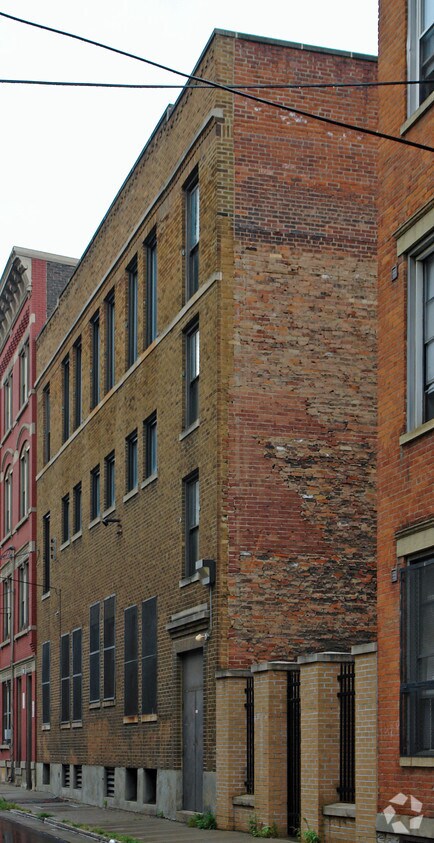 Foto del edificio - 1313 Republic St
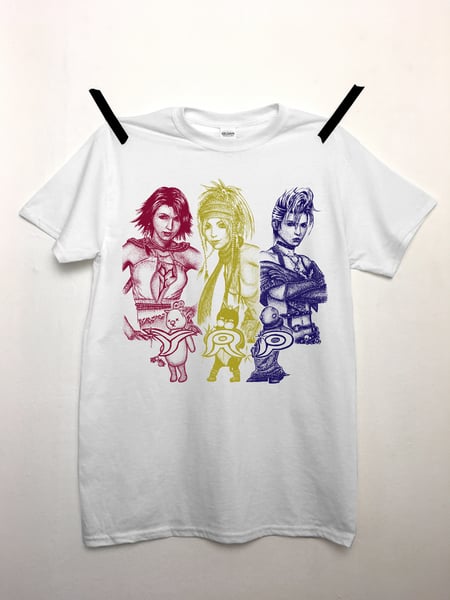 Image of FFX-2 Y.R.P.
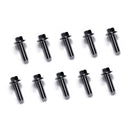 Kooks GM Gen V Stainless Header Bolt Kit Qty 10 - M8 - 1.25 x 25mm Bolts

Exercise objective — Everything in the listing must be copied exactly except the pictures.

Answer section —
 Foto del edificio - 1313 Republic St
 Image of FFX-2 Y.R.P.
 Kooks GM Gen V Stainless Header Bolt Kit Qty 10 - M8 - 1.25 x 25mm Bolts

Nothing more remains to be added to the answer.